Steel wire works well for the arms. Most hardware stores sell it in rolls of 100 feet for less than $10 per roll. If you’re making a small mobile with light attachments, you should be fine with an 18-gauge roll. If you’ll be making your mobile a little bigger, use 16- or 14-gauge wire (the smaller the gauge number, the thicker the wire).
2. Attach a second arm with one object at the end to the balance point you just found on the first part. See how next.
If you’re using wire for the arms, there are a few ways to connect them. You can just loop them into each other (left), or you can connect them with strings (right) or swivels (center) if you’d like the separate parts to be able to rotate. Regular fishing line or fishing swivels will do, and you can get them at any outdoor-sports store.
I make the loops by wrapping the wire around a pair of needle-nose pliers. A round-nosed pair works best (more often available at craft stores than at hardware stores), but you can make good loops with a pair of the more common flat-nosed pliers too.
3. Find the balance point on the arm of that second part using the methods described before.
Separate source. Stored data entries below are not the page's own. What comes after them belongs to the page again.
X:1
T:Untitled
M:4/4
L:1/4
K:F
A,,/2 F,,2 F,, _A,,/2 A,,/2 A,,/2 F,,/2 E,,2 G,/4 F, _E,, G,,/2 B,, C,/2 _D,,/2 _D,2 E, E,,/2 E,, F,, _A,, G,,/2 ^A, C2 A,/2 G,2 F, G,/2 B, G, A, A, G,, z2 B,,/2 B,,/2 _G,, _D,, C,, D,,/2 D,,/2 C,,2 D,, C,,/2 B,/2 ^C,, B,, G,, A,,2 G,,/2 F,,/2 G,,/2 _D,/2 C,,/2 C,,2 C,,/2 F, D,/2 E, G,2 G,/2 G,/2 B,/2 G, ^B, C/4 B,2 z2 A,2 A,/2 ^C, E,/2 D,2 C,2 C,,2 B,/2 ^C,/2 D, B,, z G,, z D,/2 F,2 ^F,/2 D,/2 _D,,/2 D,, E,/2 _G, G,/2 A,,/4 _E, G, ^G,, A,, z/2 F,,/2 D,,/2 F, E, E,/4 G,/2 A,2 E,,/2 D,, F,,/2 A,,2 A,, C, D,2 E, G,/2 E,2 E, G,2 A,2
Make the third part with one object and one arm and connect it to the balance point on the second part.
Keep going up this way, making more parts and connecting them to the balance point below. You can attach them so they all point in the same direction, alternate them left and right, or arrange them in a random pattern. Do whatever you think looks good.
Tip: I put the mobile on a hook hanging from the ceiling as I work on it. I make a new part for the mobile, then I take the mobile down from the hook, attach the new part to the mobile, then put the mobile back on the hook. And so on.
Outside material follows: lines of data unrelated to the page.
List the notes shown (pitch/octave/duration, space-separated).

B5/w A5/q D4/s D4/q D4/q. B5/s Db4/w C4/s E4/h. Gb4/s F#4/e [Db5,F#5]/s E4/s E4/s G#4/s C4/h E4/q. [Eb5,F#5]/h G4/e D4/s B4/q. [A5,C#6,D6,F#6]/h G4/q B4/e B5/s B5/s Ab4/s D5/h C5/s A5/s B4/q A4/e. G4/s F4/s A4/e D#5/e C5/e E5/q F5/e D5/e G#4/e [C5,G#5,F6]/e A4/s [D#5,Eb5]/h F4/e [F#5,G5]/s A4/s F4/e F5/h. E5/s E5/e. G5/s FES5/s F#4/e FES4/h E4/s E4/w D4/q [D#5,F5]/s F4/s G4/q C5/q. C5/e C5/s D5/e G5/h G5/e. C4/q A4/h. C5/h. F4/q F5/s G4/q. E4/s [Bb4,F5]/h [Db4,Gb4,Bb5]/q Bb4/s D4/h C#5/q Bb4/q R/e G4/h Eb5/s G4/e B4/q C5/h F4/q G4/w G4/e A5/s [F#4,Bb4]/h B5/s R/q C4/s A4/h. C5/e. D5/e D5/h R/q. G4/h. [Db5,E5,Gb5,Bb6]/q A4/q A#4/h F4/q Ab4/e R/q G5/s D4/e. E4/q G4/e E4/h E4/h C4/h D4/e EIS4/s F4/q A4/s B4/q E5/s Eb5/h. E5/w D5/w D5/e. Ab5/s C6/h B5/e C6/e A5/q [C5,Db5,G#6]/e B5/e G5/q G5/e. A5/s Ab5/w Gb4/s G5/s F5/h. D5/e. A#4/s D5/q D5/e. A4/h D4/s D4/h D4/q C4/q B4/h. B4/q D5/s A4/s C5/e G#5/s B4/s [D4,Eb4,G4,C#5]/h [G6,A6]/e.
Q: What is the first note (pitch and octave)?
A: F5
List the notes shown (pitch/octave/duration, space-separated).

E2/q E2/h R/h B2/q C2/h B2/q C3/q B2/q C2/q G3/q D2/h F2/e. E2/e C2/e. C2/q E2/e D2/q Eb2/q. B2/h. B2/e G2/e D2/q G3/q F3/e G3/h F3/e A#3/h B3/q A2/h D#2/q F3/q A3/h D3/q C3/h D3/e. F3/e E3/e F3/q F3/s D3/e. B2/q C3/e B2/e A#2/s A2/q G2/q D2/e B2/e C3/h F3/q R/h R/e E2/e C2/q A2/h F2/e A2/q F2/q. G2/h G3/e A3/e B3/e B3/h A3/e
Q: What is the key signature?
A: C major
5. Now let’s look at a variation similar to Calder’s “Snow Flurry.” It’s based on basically the same principle that we’ve been using. You make two separate assemblages, labeled A and B here. Then you connect the two at each of their balance points and find the new balance point on that connecting arm.
You can keep going up from there.
Attaching objects to arms: If you’re attaching flat shaped pieces to the end of the arms (whether they’re made of poster board, plastic sheeting, aluminum flashing, sheet metal etc.), one way to attach them is by making two holes in the piece. Then bend the end of a piece of wire into a rectangular hook that fits the distance of the two holes.
Loop the hook into the holes.
Then bend the wire flat to the piece as shown.
Now you have a basic understanding of how a real mobile works. Time to experiment and have fun. Look at other mobile designs and get inspired. I made all of the mobiles in this composite photo, and they are all based on the same balance structure discussed here. The possibilities are infinite.